Wie viele lieblos und mit wenig Sinn für Psychologie „hingespielte“ Interpretation der „Kinderszenen“ gibt es doch am Markt. Und wie herausragend anders ist dagegen diese von Valentina Lisitsa. Selten habe ich diesen Zyklus schlüssiger, selten in solch überwältigender psychologischer Tiefe gehört. Diese Einspielung ist wahrhaftig etwas ganz Besonderes. Ich persönlich würde sie als die definitive Referenz bezeichnen und halte diese Aufnahme für noch überzeugender als diejenigen von Brendel, Demus, Horowitz oder Le Sage.

Mit der sehr selten zu hörenden „Grande fantaisie sur des motifs de Il barbiere di Siviglia“ (Op. 63) des heute fast vergessenen österreichischen Romantikers und einstigen Wunderkinds Sigismund Thalberg folgt ein knapp zehnminütiges Bonmot, das Thalberg-Fans begeistern wird, denn ich nehme an, dass dieses schwierige Stück in der technischen Brillanz, mit der Valentina Lisitsa es hier vorstellt, wohl noch nie eingespielt worden ist. Mich persönlich vermag das Stück nicht zu begeistern, wohl aber erneut die Interpretin, die sich hier keine Blöße gibt.

Mit Franz Liszts „Totentanz“ werden die spieltechnischen Anforderungen, die Valentina Lisitsa auf dieser mit fast 70 Minuten randvoll gepackten CD an sich selbst stellt, auf die Spitze getrieben. Atemberaubend ist das einzige Wort, das mir zu diesem Klavierwirbelwind einfällt, den Lisitsa hier entfacht. Mit offenem Mund sitzt man vor der HiFi-Anlage – und kriegt die Kinnlade nicht mehr zu. Es ist unglaublich, welch spieltechnische Meisterschaft sich hier offenbart.
Und nicht nur das: Auch in Sachen Emotionalität, Phrasierung und lyrischer Zugriff gelingt Lisitsa hier wieder eine annähernd perfekte Symbiose. Gerade bei Liszt geht mit vielen pianistischen Flitzefingern die Virtuosität durch (was an sich verständlich ist). Doch wie wichtig bei Liszt auch Phrasierung und Dynamik sind, sozusagen die „leisen Töne“, das wird von vielen seiner Interpreten häufig übersehen.
Valentina Lisitsa legt die Vielschichtigkeit von Liszts beklemmendem Stück offen, deutet wie mit dem Zeigefinger musikalisch auf hoch interessante Fugato-Stellen, die in anderen Einspielungen untergehen und zeigt damit auf faszinierende Weise, wie sehr Franz Liszt seinen „Totentanz“ auch als Auseinandersetzung mit der musikalischen Vergangenheit angelegt hat.
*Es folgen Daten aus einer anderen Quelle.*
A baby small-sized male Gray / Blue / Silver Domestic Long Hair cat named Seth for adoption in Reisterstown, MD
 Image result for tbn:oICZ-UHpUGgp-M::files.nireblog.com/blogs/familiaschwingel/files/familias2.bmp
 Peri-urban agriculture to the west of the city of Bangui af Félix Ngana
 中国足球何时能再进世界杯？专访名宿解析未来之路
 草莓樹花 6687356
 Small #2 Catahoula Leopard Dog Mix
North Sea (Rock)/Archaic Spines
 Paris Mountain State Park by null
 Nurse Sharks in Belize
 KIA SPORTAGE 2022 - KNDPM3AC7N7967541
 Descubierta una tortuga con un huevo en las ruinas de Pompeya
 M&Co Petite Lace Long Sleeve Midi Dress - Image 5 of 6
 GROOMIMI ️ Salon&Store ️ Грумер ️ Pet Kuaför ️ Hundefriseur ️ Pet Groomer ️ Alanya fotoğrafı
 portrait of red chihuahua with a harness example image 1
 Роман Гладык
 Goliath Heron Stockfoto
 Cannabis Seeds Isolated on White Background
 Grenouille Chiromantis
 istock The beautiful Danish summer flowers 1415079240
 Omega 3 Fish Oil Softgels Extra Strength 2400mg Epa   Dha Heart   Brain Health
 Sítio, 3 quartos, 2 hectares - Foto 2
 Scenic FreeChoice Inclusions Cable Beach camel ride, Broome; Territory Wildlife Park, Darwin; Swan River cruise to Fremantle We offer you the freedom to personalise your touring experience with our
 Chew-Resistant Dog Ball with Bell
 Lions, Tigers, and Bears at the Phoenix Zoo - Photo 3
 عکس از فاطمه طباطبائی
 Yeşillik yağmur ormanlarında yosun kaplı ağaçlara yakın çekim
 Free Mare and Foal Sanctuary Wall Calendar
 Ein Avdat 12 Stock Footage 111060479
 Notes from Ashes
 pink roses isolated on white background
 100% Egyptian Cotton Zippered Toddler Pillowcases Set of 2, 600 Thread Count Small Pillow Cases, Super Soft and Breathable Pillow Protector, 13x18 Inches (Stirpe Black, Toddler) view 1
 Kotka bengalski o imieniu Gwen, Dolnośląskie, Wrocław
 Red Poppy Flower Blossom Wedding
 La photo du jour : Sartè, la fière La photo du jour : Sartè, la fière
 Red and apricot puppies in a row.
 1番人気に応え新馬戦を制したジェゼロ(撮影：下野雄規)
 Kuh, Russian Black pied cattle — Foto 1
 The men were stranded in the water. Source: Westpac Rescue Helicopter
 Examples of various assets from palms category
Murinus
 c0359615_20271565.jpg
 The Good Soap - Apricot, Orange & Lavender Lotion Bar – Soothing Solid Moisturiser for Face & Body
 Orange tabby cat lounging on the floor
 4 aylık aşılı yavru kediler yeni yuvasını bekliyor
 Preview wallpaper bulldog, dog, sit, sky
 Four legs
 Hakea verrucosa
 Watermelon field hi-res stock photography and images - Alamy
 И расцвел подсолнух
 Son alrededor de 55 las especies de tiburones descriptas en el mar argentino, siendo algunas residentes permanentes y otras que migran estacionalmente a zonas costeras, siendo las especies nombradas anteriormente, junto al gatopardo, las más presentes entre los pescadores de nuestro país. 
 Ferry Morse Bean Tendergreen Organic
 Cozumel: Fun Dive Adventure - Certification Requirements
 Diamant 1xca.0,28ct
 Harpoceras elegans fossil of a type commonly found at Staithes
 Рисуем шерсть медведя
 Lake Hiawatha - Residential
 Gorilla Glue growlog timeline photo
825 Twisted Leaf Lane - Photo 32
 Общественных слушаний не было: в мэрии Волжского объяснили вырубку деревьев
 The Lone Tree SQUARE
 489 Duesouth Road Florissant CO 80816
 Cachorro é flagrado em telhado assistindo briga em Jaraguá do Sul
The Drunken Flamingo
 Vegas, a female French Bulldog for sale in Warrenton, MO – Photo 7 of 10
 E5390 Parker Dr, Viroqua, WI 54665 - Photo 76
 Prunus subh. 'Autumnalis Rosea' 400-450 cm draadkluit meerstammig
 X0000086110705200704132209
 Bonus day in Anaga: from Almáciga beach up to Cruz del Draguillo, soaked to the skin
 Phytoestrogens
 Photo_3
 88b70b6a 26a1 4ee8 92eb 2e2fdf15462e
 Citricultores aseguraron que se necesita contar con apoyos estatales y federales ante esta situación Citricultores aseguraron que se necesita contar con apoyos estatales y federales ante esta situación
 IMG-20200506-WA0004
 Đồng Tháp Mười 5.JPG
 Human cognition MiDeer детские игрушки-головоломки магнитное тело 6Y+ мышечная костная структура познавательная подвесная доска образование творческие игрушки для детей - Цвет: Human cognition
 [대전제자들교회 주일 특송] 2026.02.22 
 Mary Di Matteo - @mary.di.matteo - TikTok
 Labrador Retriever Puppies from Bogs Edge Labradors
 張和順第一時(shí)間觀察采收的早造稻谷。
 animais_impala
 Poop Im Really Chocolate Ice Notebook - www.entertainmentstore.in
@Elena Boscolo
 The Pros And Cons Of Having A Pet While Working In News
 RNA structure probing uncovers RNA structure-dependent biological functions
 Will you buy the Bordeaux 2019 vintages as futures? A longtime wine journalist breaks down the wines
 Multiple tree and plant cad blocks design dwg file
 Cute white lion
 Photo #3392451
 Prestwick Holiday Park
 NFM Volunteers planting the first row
Fazit: Diese CD ist rundum empfehlenswert und gleich zum Jahresstart schon ein glühendheißer Kandidat für den Titel „the-listener.de-CD des Jahres 2013“ – und die Tatsache, dass ich mich traue, das schon Anfang Januar 2013 zu postulieren, zeugt von meiner geradezu überschwänglichen und zutiefst überzeugten Begeisterung angesischts dieser großartigen Katalog-Novität.

Abschließend noch ein Wort zum Klang – und da reicht ein Wort: Erstklassig!